Schmidhuber has a style I really like: take a thing people usually protect as vibes, then ask what quantity would have to change inside an observer for the vibe to happen.

In Driven by Compression Progress, the central move is not merely “beauty is compression.” That would be too static. The sharper claim is that many of the lively things - curiosity, fun, interestingness, jokes, aesthetic reward, scientific delight - are closer to first differences of compression.

Beauty is a state. Interestingness is a slope.

If some data stream $x$ takes $C_t(x)$ bits for my current internal compressor to encode, then one simple proxy for subjective beauty is:

\[B_t(x) = -C_t(x)\]

The object feels more beautiful, simpler, or more lawful when it admits a shorter description relative to the machinery I already have. But the object feels interesting when the description length is actively falling:

\[I_t(x) = B_{t+1}(x) - B_t(x)\]

or equivalently:

\[I_t(x) = C_t(x) - C_{t+1}(x)\]

The sign matters. Positive interestingness means I can now describe the same thing with fewer bits than before. Something in me got better at seeing it.

That is the derivative trick.


The derivative dictionary

This way of thinking turns a bunch of fuzzy nouns into a small computational grammar:

Phenomenon Static version Derivative version
Beauty low description length high compressibility
Interestingness novelty improvement in compression
Boredom familiar order low or zero compression progress
Noise high Shannon surprise no learnable compression progress
Humor incongruity sudden recompression
Science facts laws that shorten the code for facts
Art pattern a curriculum for perceptual model updates
Creativity making artifacts producing data that creates compression progress

The important part is that the reward does not live only in the object. It lives in the relation between object and observer over time.

A proof can be beautiful because it compresses a family of facts into one argument. But the pleasure of the proof is often the moment when the argument lands and many separate things become one thing. A joke works similarly. The setup is locally awkward, ambiguous, or undercompressed. The punchline changes the codebook. Suddenly the setup is cheaper to encode.

The feeling is the update.


Why random noise is not interesting

This is where Schmidhuber’s formulation is cleaner than a raw-surprise account.

Random noise has high Shannon information. It is hard to predict. It keeps surprising you. But it does not give you a useful learning curve. You do not get better at compressing it, except in the trivial sense of learning “this source is noise.”

So the four regimes look like this:

Regime Compressible now? Becoming more compressible? Felt quality
Solved pattern yes no pleasant, maybe boring
Random noise no no irritating, blank, meaningless
Learnable pattern not yet yes interesting
Great compression event suddenly yes strongly yes insight, joke, elegance

This is the anti-noisy-TV move. A system that rewards prediction error can get stuck watching inherently unpredictable input. A system that rewards reducible error asks a better question: did my model improve?

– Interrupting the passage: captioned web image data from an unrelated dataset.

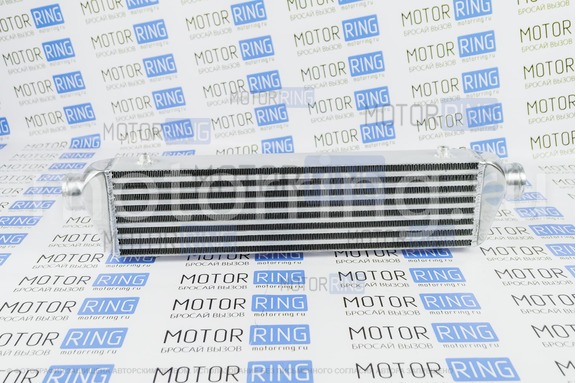 Интеркулер 700x140x65, входа 57 мм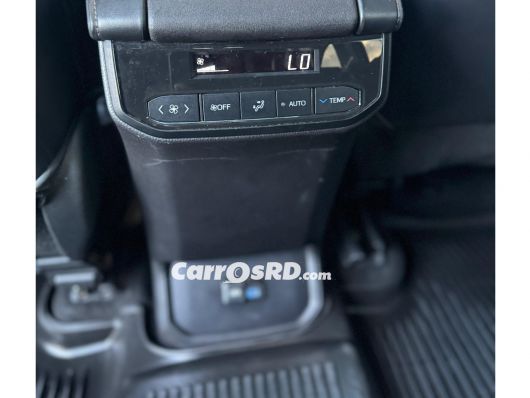 Toyota Highlander Jeepeta en venta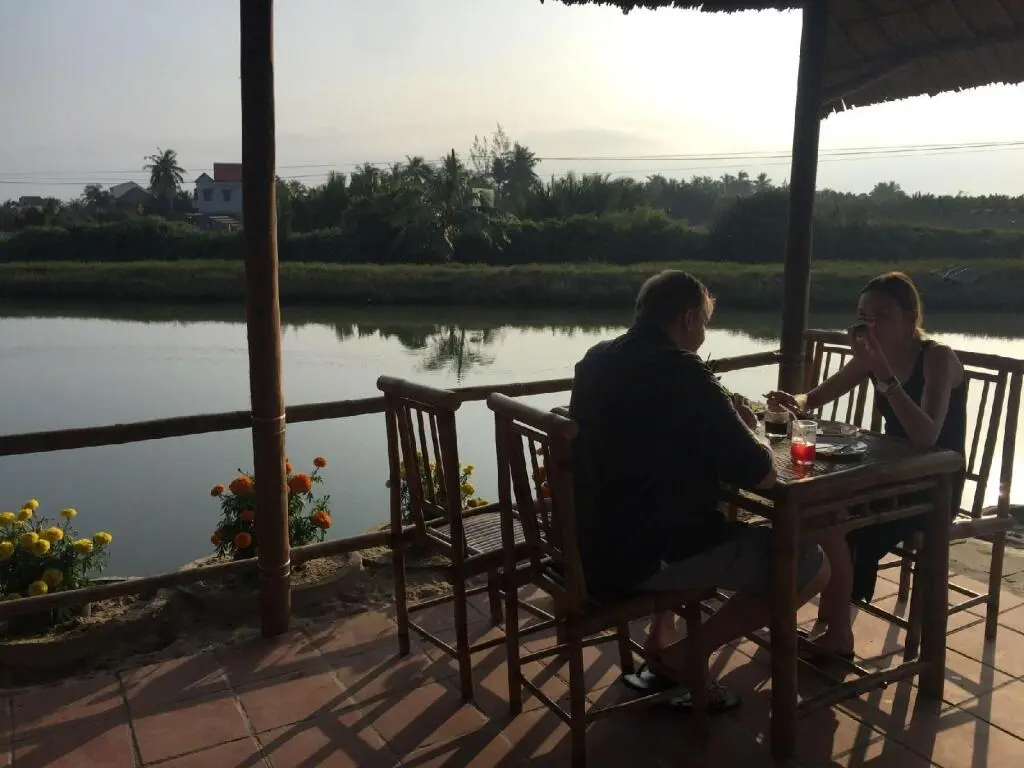 Хойан: Lakeview Villa Homestay Hoi An
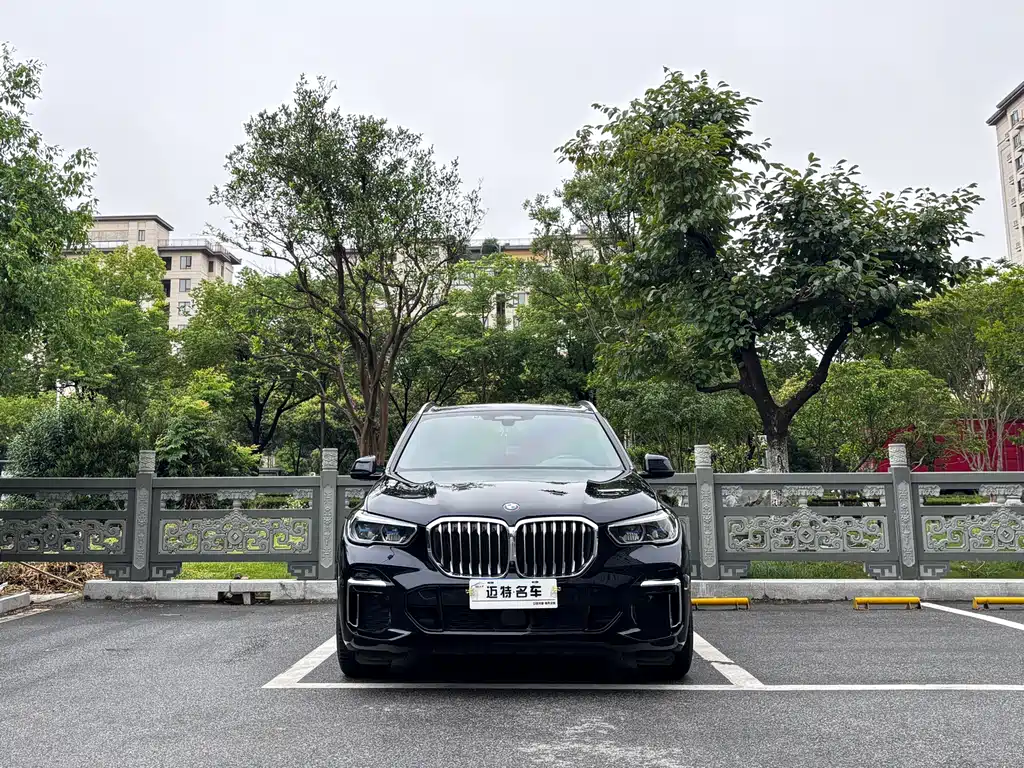 BMW X5 2023 — фото 2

That distinction shows up all over later curiosity work. Oudeyer, Kaplan, and Hafner’s survey of intrinsic motivation systems emphasizes learning progress: agents should seek situations that are neither already mastered nor hopelessly unpredictable. Modern RL papers such as Pathak et al. and Houthooft et al. use different machinery, but they live in the same neighborhood: build an intrinsic reward out of model change, prediction improvement, or information gain rather than external reward alone.

Schmidhuber’s version feels especially clean because he phrases the whole thing in compression language. The agent is not rewarded for surprise. It is rewarded for becoming a better compressor of its own history.


The “same data” clause is doing real work

There is a subtle technical point in the paper that makes the idea much less hand-wavy.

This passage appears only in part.